There are specialty Shikwasa citrus trees in the yard and in fields nearby, as well as island vegetables and green vegetables that can regularly be eaten right off. She makes Chanpuru with vegetables and tofu. Kyo-san says she really likes tofu and eats it every day.
Making her own confections to give a little joy to everyone - that, she says, is one of the things that makes her life worthwhile.
Sayo Miyagi (87)
Miyagi-san says she began living
alone some 30 years ago. She turned her yard into a garden and seasonally grows mugwort, garlic, carrots, Okinawa
scallions and spinach. She is pretty much self-sufficient. Almost all the vegetables she eats she grows herself.

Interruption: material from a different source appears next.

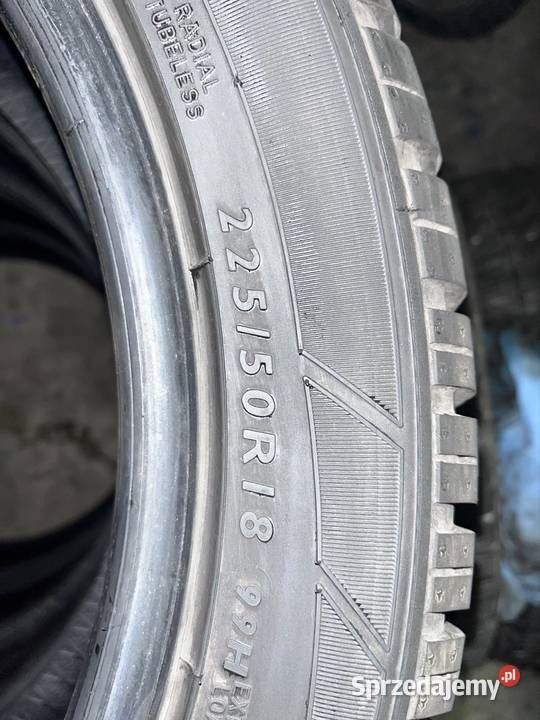Komplet opon zimowych Dunlop sp winter sport Lubrza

When she picks vegetables, she divides them up and then calls her children and grandchildren on the phone and says,
"I have gathered fresh vegetables. Stop by the house to pick them up." The children are delighted to come and get their share. Seeing her children
and grandchildren's happy faces makes her glad, too.
Growing vegetables is neither difficult nor tiresome, she says. She really likes watching them shoot up and grow. She loves her vegetables cooked. And she also likes tofu. She is not particularly fond of raw foods and rarely eats Sashimi, for example. Of course, she and her friends Hisako Miyagi (84) and Hatsue Miyagi (81) regularly look in on one another to make sure each is all right. Dancing brings them together, as close as sisters. Everyone likes to say they pop into the variety store every so often to say, "I'm doing fine!"
Tsuru Yamashiro (81)
Tsuru-san lives together with
her husband. She is an expert at making Mozuku stew and mugwort Mochi. She makes them for Seimei, Ohigan and her
children's birthdays.
In the past, you had to pound the mugwort in a mortar to make mugwort Mochi. Now you can just mix it in a mixer, then add in the Mochi powder and knead. You don't just add soup. You put in anything and knead. She makes it as hors d'oeuvres for Buddhist ceremonies and other occasions, she says.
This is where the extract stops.